From the Darlington & Stockton Times of April 5, 1924: The last of the Battie-Wrightson family’s land in the Northallerton area was auctioned 100 years ago this week in the Golden Lion Hotel. It included 11 lots of 1.5 acres to 7.5 acres, each with a cow house.

“How comes it that there are so many small lots and a cow house on each?” asked the D&S Times. “The answer is to make votes.”

A wonderful article delves back to the days of 1832 when the Great Reform Act swept away the electoral corruption of Northallerton which for more than 100 years had only elected members of the Lascelles or Peirse landowning families. The Act gave the vote to any man occupying a house or land worth £10.

Darlington and Stockton Times: DEMAND: A Galloway cow with Blue Grey calf

The village of Brompton, to the north of Northallerton, once nicknamed “Scorptown”, had a thriving linen industry where the workers backed radical politics. On the day the Reform Act came into law, June 24, 1832, on the village green a fat ox was roasted and six cannon were acquired from somewhere, arranged in a half moon shape, and set off. They “roared out to the sky the common joy for the extended franchise”, said the D&S, and 1,000 people marched into Northallerton carrying “an enormous large broom symbolising the sweeping clean of the borough from corrupt influences”.

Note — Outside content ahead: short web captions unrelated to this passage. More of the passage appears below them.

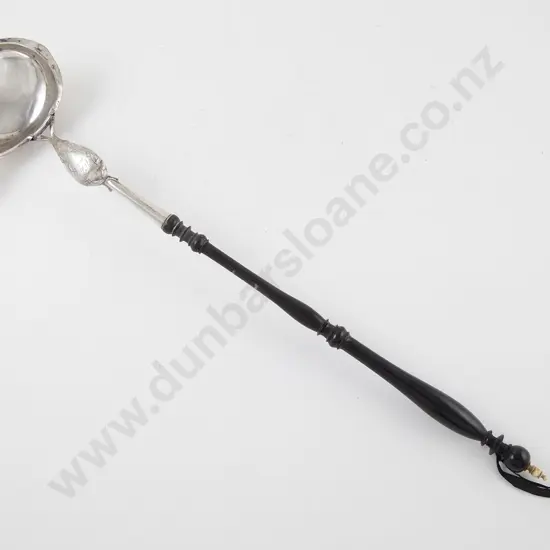 European Silver Punch Ladle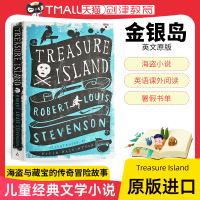 [正版图书]Treasure Island 英文原版 海盗小说 金银岛 英文版儿童经典文学小说 英语课外阅读 暑假书单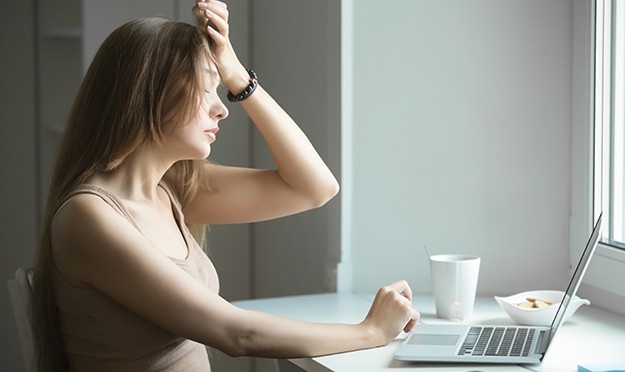 woman at computer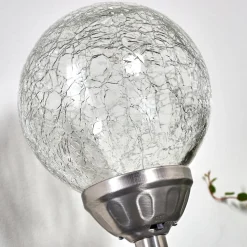 Borne Lumineuse Carbonia Led Argente, 2 Lumieres, Changeur De Couleurs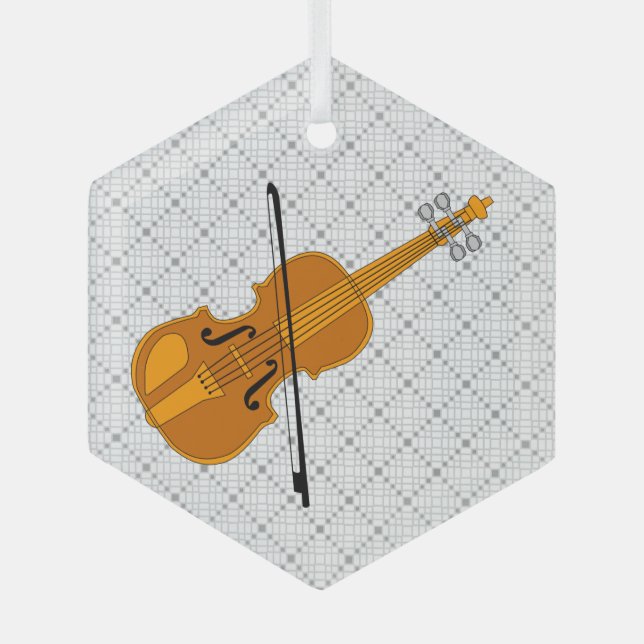 Ornement En Verre Dessin de violon (Recto)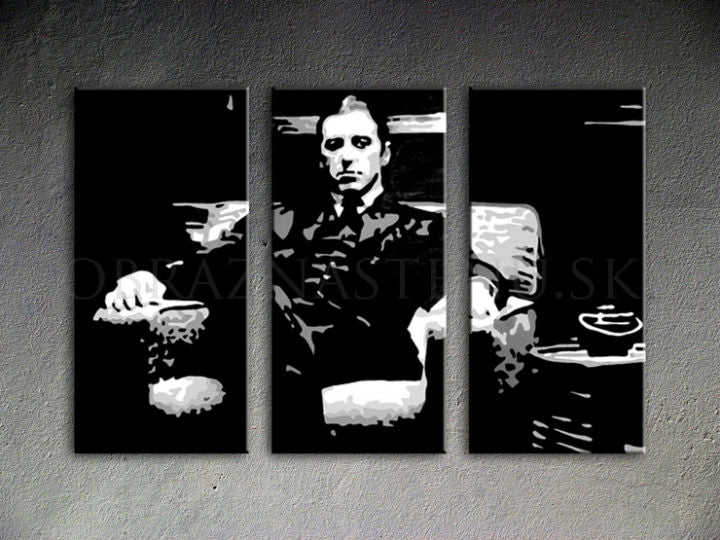 Dipinto a mano POP ART  GODFATHER  60x40 cm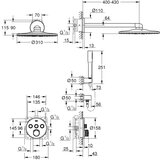Grohe Smartcontrol ugradni tuš set 34709000 | ePonuda.com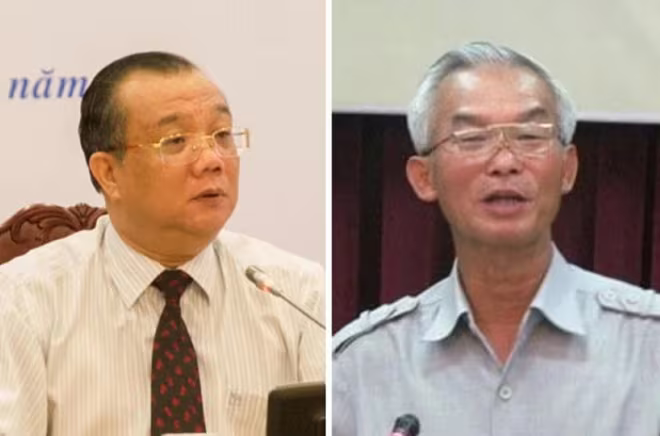 Ông Huỳnh Văn Tí (trái) và ông Nguyễn Ngọc Phi (phải) Ông Huỳnh Văn Tí (trái) và ông Nguyễn Ngọc Phi (phải)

Darlington and Stockton Times: The headline from the D&S Times 100 years ago

At the head of the march was Captain John George Boss, of Otterington Hall, who had made his name in the Caribbean capturing American and Spanish privateers. He had accepted the radicals’ request to be their candidate in the election.

But then William Battie-Wrightson rode into town. He was the MP for Hull who was married to the grand-daughter of Henry Peirse of Bedale. He was determined to claim Northallerton for the Liberals.

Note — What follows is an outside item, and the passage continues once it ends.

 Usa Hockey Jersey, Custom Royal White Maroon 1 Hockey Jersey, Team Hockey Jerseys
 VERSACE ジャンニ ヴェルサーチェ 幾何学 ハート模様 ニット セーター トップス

“He bought a great deal of land – over 1,500 acres – and divided it into small lots,” said the D&S. “He built a cowhouse on each, as was required by law to get a vote, and let them out at £10 or over. That’s why there are so many cow houses in this part of the country.”

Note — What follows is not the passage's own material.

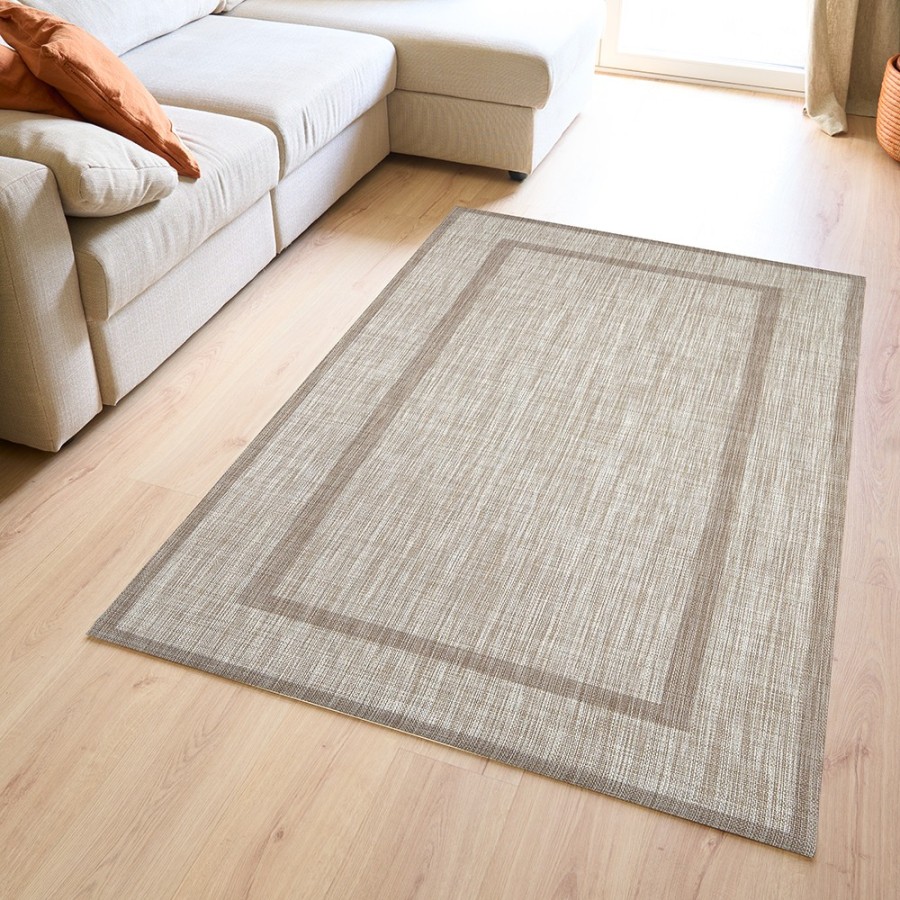 Alfombra Vinílica Sensal - Beige Antideslizante y Lavable | Deslan Internacional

So the scene was set for a battle royal, between the radical captain cheered on by the Scorptown linen workers, and Mr Battie-Wrightson backed by all those who had suddenly come into possession of a cow house.

The election was on December 10, 1832, so until polling day there was “six months of excitement, with each side using its utmost exertion, persuasion, eloquence and intimidation”, said the D&S in 1924, something we in 2024 are also enjoying.

Capt Boss was victorious by 108 votes to 97, and he was chaired round the constituency – around the Market Cross before being taken to Romanby, Brompton and then back to Northallerton for feasting – carrying “a huge gold gilt key, a symbol of opening up of the borough to the free and independent voters, free from corruption and bribery”.

However, two months before polling day, the captain’s wife, Charlotte, had died in Otterington Hall, and his heart seems not to have been in radical politics. He retired at the 1835 election, leaving the way clear for Mr Battie-Wrightson to be MP for the next 30 years.

Not that the radicals of Brompton were happy about this, and vented their displeasure whenever Mr Battie-Wrightson’s agent, Mr T Fowle, entered their village seeking support.

“At Brompton water end they have a lot of ducks to this day, and the radical zealots used to save up their rotten eggs for political expression of opinion,” said the D&S in 1924. “When it was known that political enemy chiefs were in their midst, the enemy came out with their rotten eggs and plastered Mr Fowle’s hat and coat and so he beat a hasty retreat.

“Brompton has a nickname ‘Scorptown’, ‘scorp’ is Yorkshire for ‘head’, ‘to scorp a man’ is to hit him over the head, and our rude forefathers sometimes did not hesitate about that in heated political debate.”

Mr Battie-Wrightson’s team responded by indulging in “burking” – an 1820s word meaning “to stifle or quietly but effectively suppress”. It apparently derives from the actions of graverobber William Burke who, with accomplice William Hare, in 1828 was found guilty of quietly suffocating victims and selling their bodies for anatomical dissection.

Not that Mr Battie-Wrightson murdered anyone. In the political sense, “burking” meant to get an opposition voter helplessly drunk and then drive him out of town in a carriage so that he missed the poll.

The 1924 D&S article said: “The writer knew a man who was thus taken right up Arkengarthdale on the day of the Northallerton election and brought back after the voting was concluded.”

So Mr Battie-Wrightson’s electoral success came through burking which countered the scorping of his enemies, and then milking the cow house vote.